私が佳純君のことを好きになったわけは、すごーく優しくて、カッコいいから。私より背が高いけど。学園の噂だと、佳純君も私のことが好きらしいの。今度の学園祭で、私、笑美、佳純君が入っている演劇部は劇『ロミオとジュリエット』をすることになったの。あした、役を決めることになったんだ。
次の日、
「香織ー。学園へいこー。」
「あ、まって。」
「おくれてゴメン。」
「ねえ、香織。」
「ん?何?笑美。」
「きのう、雪降ったよね。佳純くんちで遊ぼうよ。」
「いーね。じゃあ、休み時間にJ組にいこー。」
「えー、それは無理だよ。」
「えっ、なんで?あっそうか。休み時間は役決めか。じゃあさ、その時に言えば良いんじゃん。」
「それ、ありー。」
「ハハハ」
役決めの時間、
「これから、役決めをする。立候補でも推薦でもいいぞ。」久司先生は、黒板に役をパパッと書いた。
「まず、ロミオ役からだ。誰かいないか?」
「はい。ロミオ役は、伊集音君を推薦します。」
「伊集音でいいか?みんな。」
「はーい。」こうして、ロミオ役は佳純君に決まった。
「ジュリエット役は誰がいいと思うか?」笑美が手を挙げた。
「はい。香織がいいと思います。」
「そうか、宮司か。先生は問題ないと思うが。みんなはどうだ?」
「いぎなしー。」
「賛成。」私はビックリした。笑美が推薦したっていうのもあるけど、ヒロイン役になったっていうのがびっくりした。劇『ロミオとジュリエット』ってキスシーンもあるんだよ。私は顔を真っ赤にした。ふと佳純君を見ると、なんと佳純君は、こっちを向いて小さくほほ笑んだ。クールで優しいその笑顔は、私のハートを『キュン』と射抜いた。私は佳純君のことが好き。気持ちを伝えたい。でもフラれたらどうしよう。私の気持ちがわかった笑美は、私の肩を『ポン』とたたいて、
「大丈夫。」と、一言だけ言った。その一言が私を芯から支えてくれたよ。笑美、ありがとう。
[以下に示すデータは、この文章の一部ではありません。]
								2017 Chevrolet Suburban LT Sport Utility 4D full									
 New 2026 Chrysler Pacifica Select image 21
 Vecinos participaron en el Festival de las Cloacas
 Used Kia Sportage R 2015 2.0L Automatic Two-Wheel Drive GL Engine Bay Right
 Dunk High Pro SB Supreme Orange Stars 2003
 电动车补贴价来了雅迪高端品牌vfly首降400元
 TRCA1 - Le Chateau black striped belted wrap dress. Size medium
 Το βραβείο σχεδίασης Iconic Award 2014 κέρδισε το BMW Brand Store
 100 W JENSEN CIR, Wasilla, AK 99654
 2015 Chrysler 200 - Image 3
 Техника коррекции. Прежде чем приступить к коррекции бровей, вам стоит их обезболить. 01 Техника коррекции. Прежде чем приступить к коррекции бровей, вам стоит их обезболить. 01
それから私たちは、毎日、毎日、つらい練習を乗り越え、とうとう
学園祭当日、
「これから、演劇部による、劇『ロミオとジュリエット』をお見せいたしましょう。」劇は順調に進み、とうとうラストのキスシーンに来た。この時点で私のドキドキはMAX!そして最後に、「キャーキャー。」といった歓声のもと、私と佳純君はキスをした。その時、耳にささやかれた。それは、
「学園祭終わったら、家来て。」私が答えようとしたら、ドッとおきた歓声でかき消された。
劇が終わり、裏幕で、
「佳純君、笑美は?」
「神田は、彰と話してるよ。」
「えっ」ふと後ろを見ると、楽しそうに話す、笑美と彰の姿が。
「うち、きてね。」そう言って佳純君は立ち去って行った。私は制服を着替えて、佳純君の家のインターホンを押した。すると、
「ようこそ。」
「いらっしゃいませ。」そこには、両脇にたくさんの召使いと、真ん中に佳純君の姿が。
「こっちきて。」手を取られるままに、きれいな部屋へと案内された。そこで、ドレスアップとメイクをしてもらった。メイクには慣れてたけど、こんなにきれいなメイクは見たことがなかった。そこへ佳純君がきて、
「香織、似合ってるね。これから行く場所にぴったりだ。」廊下を歩いて、奥にある、きれいなドアを開けると、そこにはすごーくきれいなフラワーガーデンがあった。二人で並んでおしゃべりしながら花を見てると、すごく楽しかった。するといきなり、佳純君が立ち止って、
「ここを、大好きな人と歩くのが夢だったんだ。」
「えっ」
「おれは、香織のことが好きだ。おれと付き合ってくれ。御曹子の地位とかそんなものどうでもいい。おれと付き合ってくれ。」
「佳純君、私もっ。」すると佳純君は、黙って私をハグした。私と佳純君の目にはうれし涙がキラキラ光っていたんだ。